# Training DVD / Video



## ScottVD (Jan 19, 2011)

I'm 32 years old - started snowboarding two seasons ago with a total of ~60 days between the two. I'd like to increase by jibbing and freestyle skills - learn to do more off a jump etc.

I've read/searched these forums is there any DVD set newer or more suitable for my needs than the Snowboard Addiction set?

Thx,
`S


----------



## slyder (Jan 18, 2010)

ScottVD said:


> is there any DVD set newer or more suitable for my needs than the Snowboard Addiction set?


I still watch my SA training videos fairly regularly. So not sure if there are newer training videos out there or ones from another company. 
More suitable to your needs, I think SA has everything you will need to accomplish your goals. I thought they had 4 video disc lessons on just jibbing and freestyle.

Burton Snowboard Acacdemy did have some videos out but they were almost a copy of SA's videos


----------



## Jed (May 11, 2011)

Not really. I've looked at a lot of other snowboard trick tips and none of them are as detailed as the snowboard addiction trick tips.

The snowboard addiction guys actually updated their freestyle videos last year, so look at the 'intro to freestyle' and 'intermediate freestyle' courses for their most up to date freestyle trick tips.

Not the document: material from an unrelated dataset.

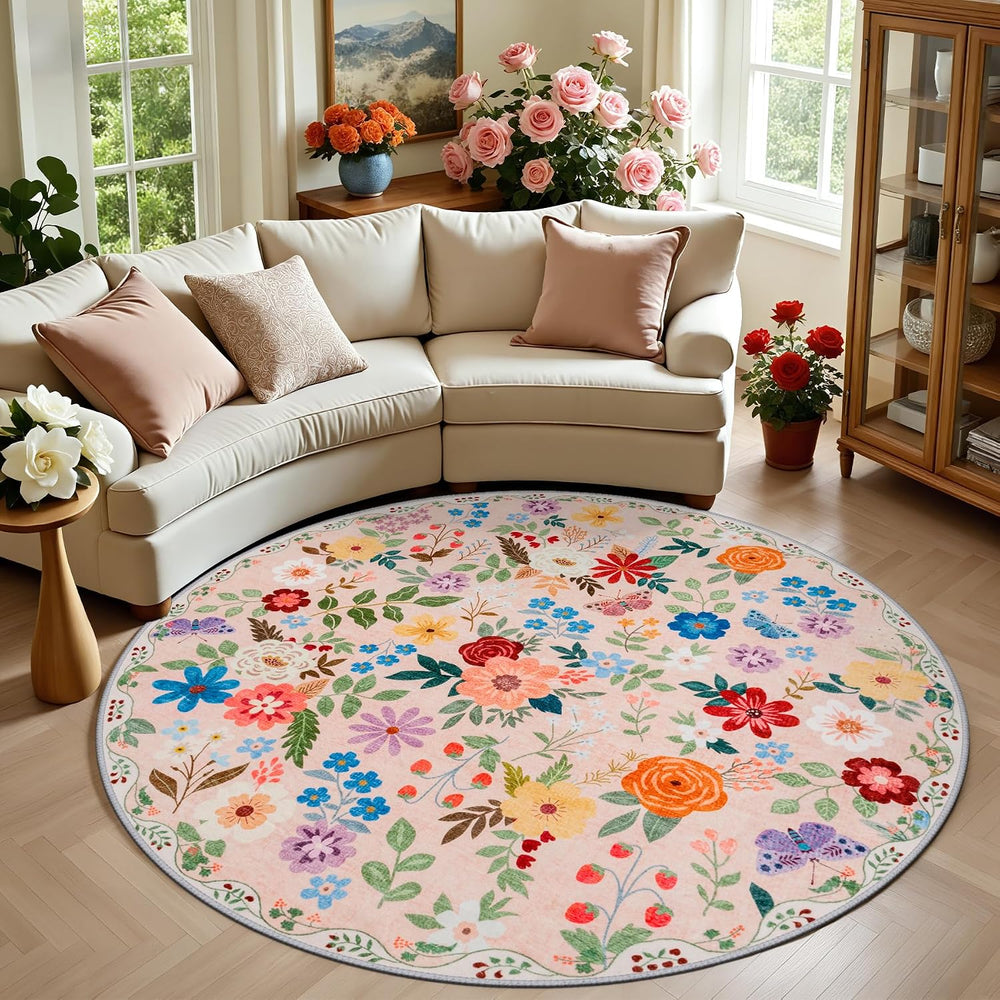 Round Area Rug for Living Room: 6 ft Floral Washable Circle Rug Soft Boho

If you want a detailed review, I reviewed them here (includes a video rundown of their membership and subscriber area as well):

Snowboard Addiction Freestyle Program Review - Do These Trick Tip Videos Work? - snomie.com


----------



## Donutz (May 12, 2010)

Plus, just my opinion, but you'd be better off (and save some $) by getting the SA downloads and putting them on your ipod/phone/whatever.


----------



## aubzobot (Feb 19, 2011)

Yea. SA is a great system. As donutz said having them on your phone is great, you can watch something on the chairlift before your next run, or on the drive there, etc. The actual videos are really well done and provide loads of info. Just buy SA


----------



## ScottVD (Jan 19, 2011)

Thx for all the quick replies and advice! 

'S


----------